Dataset excerpt>
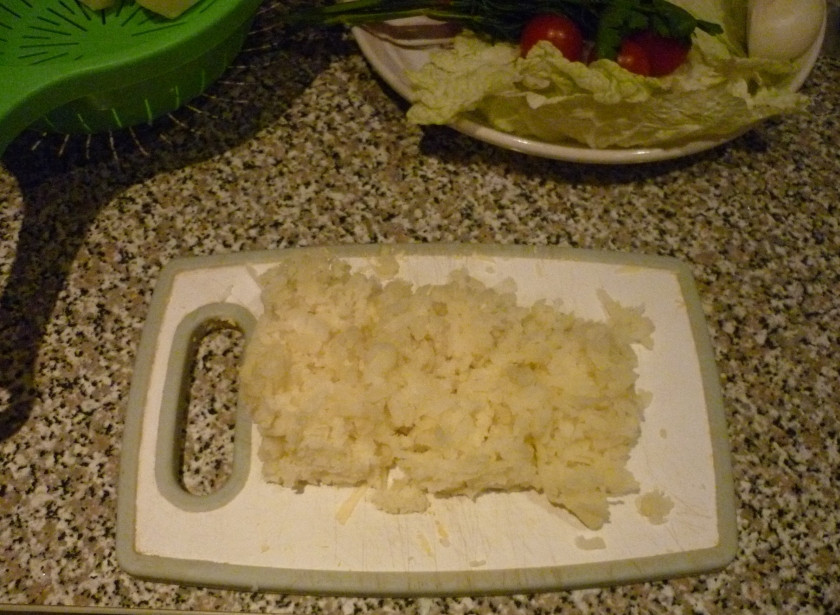 1. Этап. Патрик Звезда: Отварной картофель трем на крупной терке.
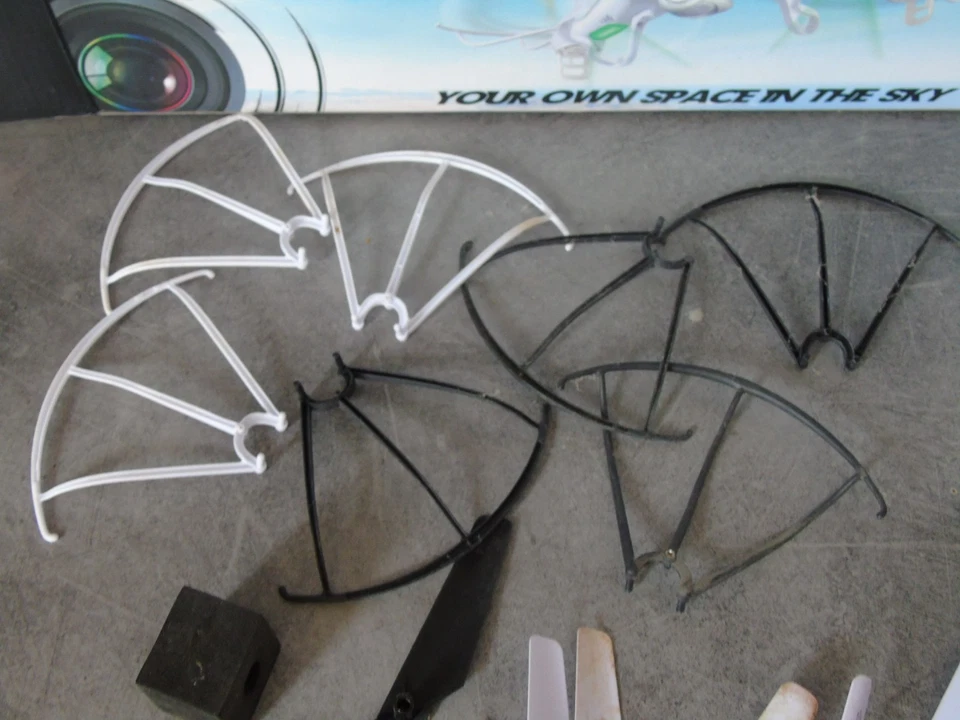 Syma drone X5C-1 occasion non testé pour pièces ou à restaurer Bon état apparent - Photo 2/4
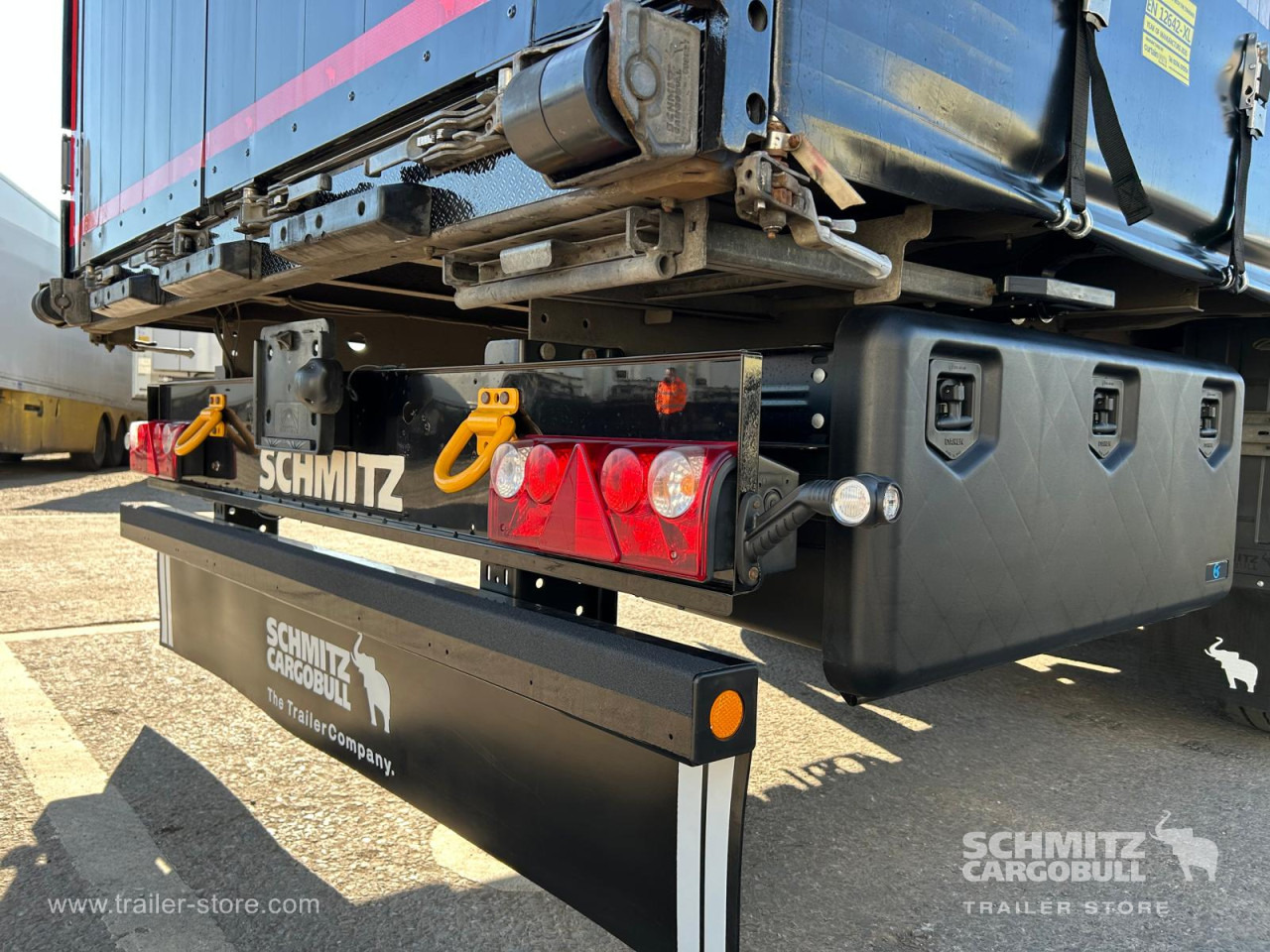 SCHMITZ Curtainsider Standard UK - Semi-trailer dengan terpal samping: gambar 2 SCHMITZ Curtainsider Standard UK - Semi-trailer dengan terpal samping: gambar 2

Your objective>
All the data above is to be transcribed exactly, with no pictures included.

The completed task>
 1. Этап. Патрик Звезда: Отварной картофель трем на крупной терке.
 Syma drone X5C-1 occasion non testé pour pièces ou à restaurer Bon état apparent - Photo 2/4
 SCHMITZ Curtainsider Standard UK - Semi-trailer dengan terpal samping: gambar 2 SCHMITZ Curtainsider Standard UK - Semi-trailer dengan terpal samping: gambar 2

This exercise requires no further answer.